For the second time in a month the Trump administration sued California, this time over a new state law meant to prevent the sale of federal public land to private parties.

SACRAMENTO, Calif. (CN) – For the second time in a month the Trump administration sued California, this time over a new state law meant to prevent the sale of federal public land to private parties.

In a 17-page lawsuit filed Monday in Sacramento federal court, the U.S. Department of Justice claims California’s law has already caused buyers to back out of negotiated property deals in the Golden State. Attorney General Jeff Sessions says the recently enacted legislation, Senate Bill 50, was passed by state lawmakers and Gov. Jerry Brown to “frustrate federal policy.”

“The Constitution empowers the federal government – not state legislatures – to decide when and how federal lands are sold,” Sessions said in a statement.

The complaint lists six planned sales of federal land to private buyers that federal officials claim have been nixed or delayed by SB 50 since it went into effect Jan. 1. Deals that have been put on hold include a $38 million sale of Navy property in Alameda, California and a 5-acre parcel of public land in Santa Barbara County.

Sessions says California’s law clouds and obstructs federal land conveyances and is scaring away private buyers. He says the law, known as the Public Lands Protection Act, is unconstitutional and pre-empted by the Supremacy Clause of the U.S. Constitution.

“As a result of uncertainty created by the enactment of SB 50, federal agencies have been, and will continue to be, unable to finalize conveyances that would have been finalized but for the enactment of SB 50,” the complaint states.

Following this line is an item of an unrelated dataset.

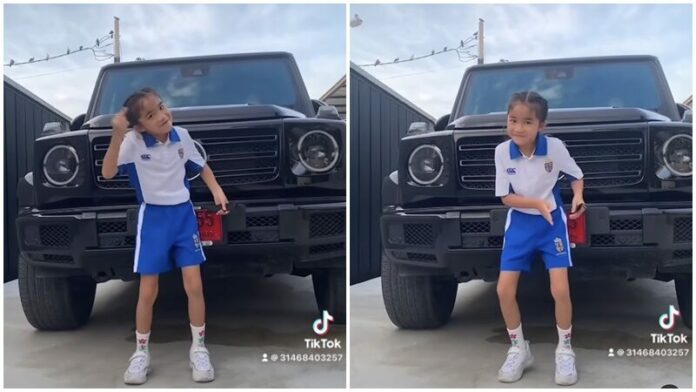 น่ารักเกินปุยมุ้ย!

California’s Democratic lawmakers passed the bill in 2017 as a means of preventing the Trump administration from selling public land to oil and mining companies. The legislation gives the state Lands Commission right of refusal on transfers of public land to third-party buyers.

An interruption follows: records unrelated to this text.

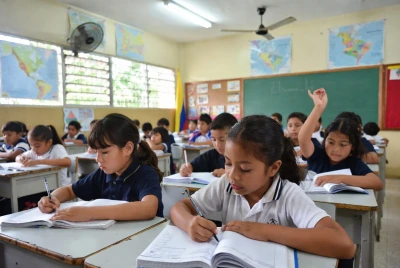 Bucaramanga realizará su primera "Matriculatón" el 22 de mayo en el parque García Rovira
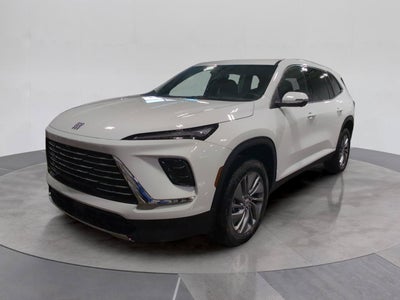 2027 Buick Enclave Preferred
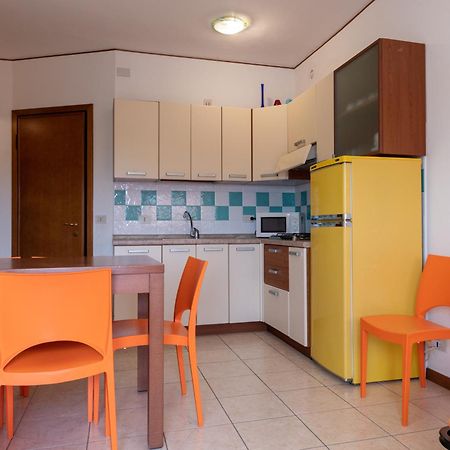 Apartamento Linz 19 Bibione Exterior foto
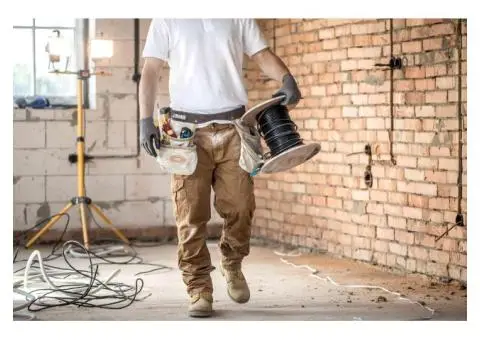 Residential Rewiring Greater London | PG Electrical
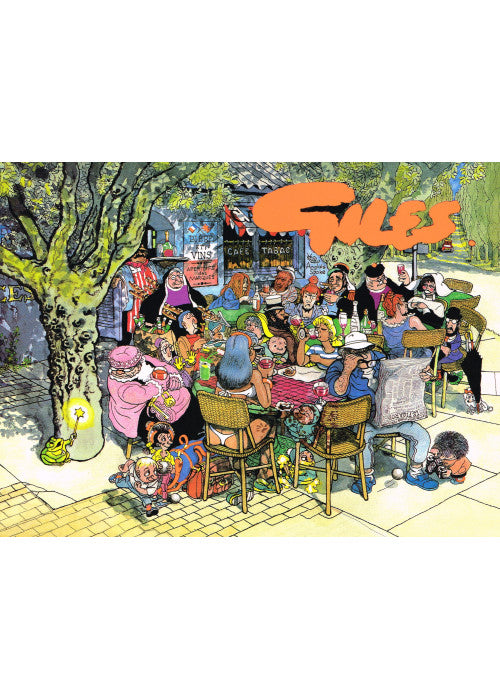 Giles: 41st Series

The federal government controls 45 million acres in California, more than 45 percent of the state’s total acreage.

California Attorney General Xavier Becerra says he’s prepared to protect federal public lands in California.

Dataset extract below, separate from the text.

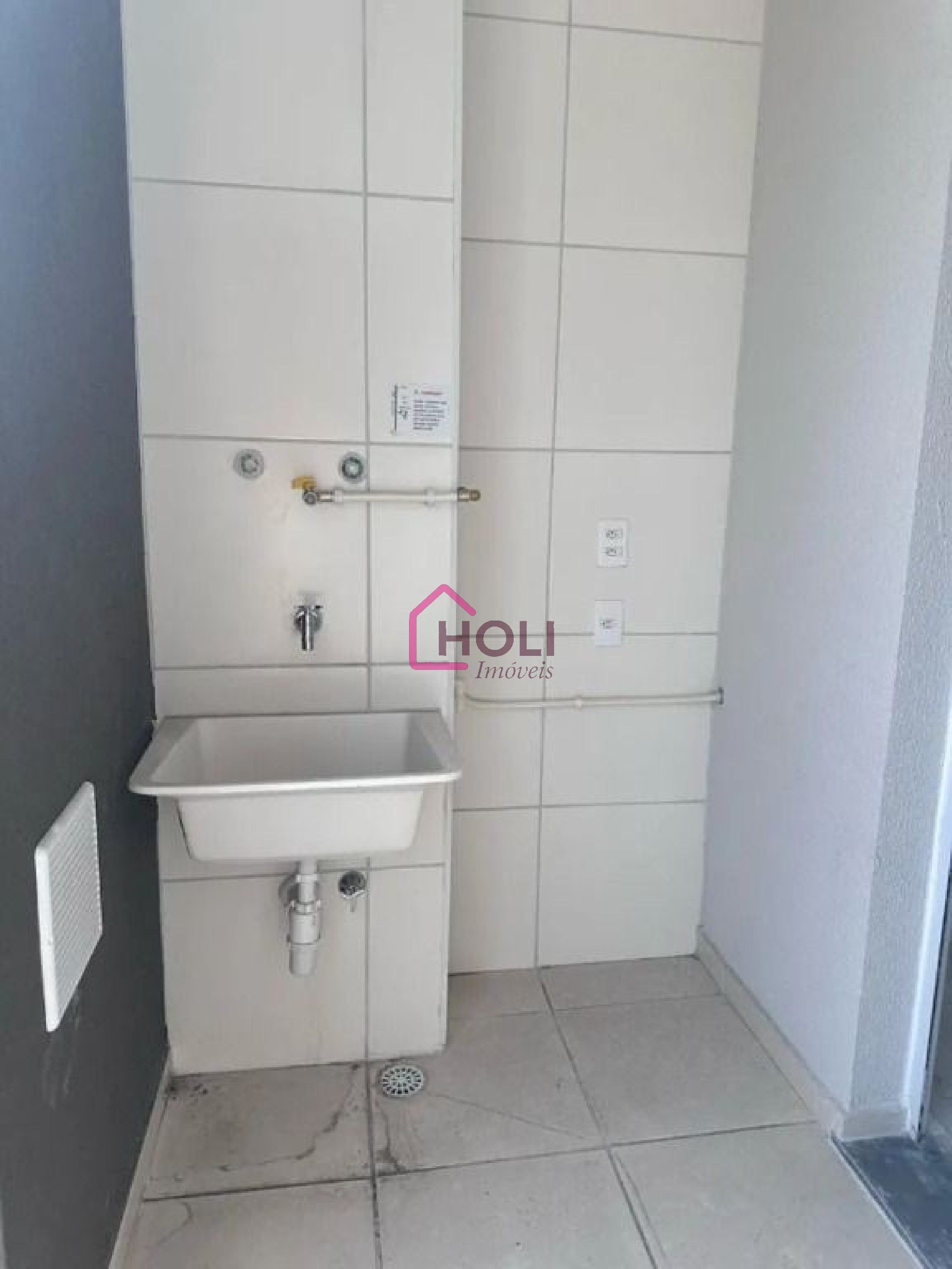 Apartamento, 2 quartos, 40 m² - Foto 7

“We blaze trails, we innovate and we engage in smart stewardship of our precious public lands. Our public lands should not be on the auction block to the highest bidder,” Becerra said in a statement.

The Democratic measure passed both statehouses on a mostly party-line vote and was signed by Gov. Jerry Brown in October 2017. A host of environmental groups supported the measure including the Sierra Club, California Coastkeeper Alliance and Restore the Delta.

Monday’s lawsuit comes with the Trump administration engaged in separate challenge to California’s sanctuary laws. Sessions sued California on March 6 in Sacramento, claiming three new state immigration laws are a threat to public safety and federal immigration officers.

The latest lawsuit has been assigned to U.S. District Judge William Shubb, a George H.W. Bush appointee. It names the state, Gov. Brown and the Lands Commission as defendants.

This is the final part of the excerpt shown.